Economy12:00 · Jun 16

Biotech Funding Rebounds as Parabalis Sets New Record

Globes
Translated & summarized from Globes by baba
The story · English

Parabalis set a new record for biotech fundraising last week, raising $670 million at a $2.4 billion valuation. It overtook Kailera, a weight-loss treatment company that had led since April with a $625 million round, and surpassed Moderna’s long-standing record from 2018, when it raised $604 million in its first offering.

Founded in 2017, Parabalis skipped the overheated 2020 IPO wave, survived the lean years that followed, and is now heading toward the market with a cancer drug based on a new mechanism already ready for Phase III trials. The broader biotech market has recently seen several large offerings, including Avalyn Pharma’s $300 million raise, Seaport Therapeutics’ $225 million round led by Israeli-American Daphne Zohar, and Odyssey Therapeutics’ $304 million financing. Most of those deals were oversubscribed and have traded positively so far.

The rebound is being helped by relatively favorable interest rates and by a recovery from the post-COVID slump, when biotech valuations fell and early-stage companies struggled to fund clinical trials, leading to bankruptcies, layoffs, and weaker investor appetite. Over the past six months, mergers and acquisitions and the sudden rise of the obesity-drug market have renewed interest in companies at Phase II and III, though investors remain selective. Matt Lane of Milestone Advisors told Fierce Pharma that large fundraising targets themselves attract attention, because they can help a company stay independent if trials succeed.

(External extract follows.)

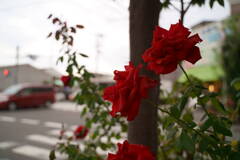 DSC00072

Not every attempt succeeded. Summit pulled a planned second offering of $500 million after releasing seemingly positive data from an advanced cancer trial, suggesting the market was not fully convinced. The same article also highlighted Weizmann Institute commercialization unit Bina, Kimba.Ai’s $6.5 million raise for smell-based sleep treatment, SpliSense’s $13 million from the Cystic Fibrosis Foundation, Nectin’s encouraging Phase I cancer results, and a €8 million Horizon grant to a Clalit-led AI project for epidemic prediction.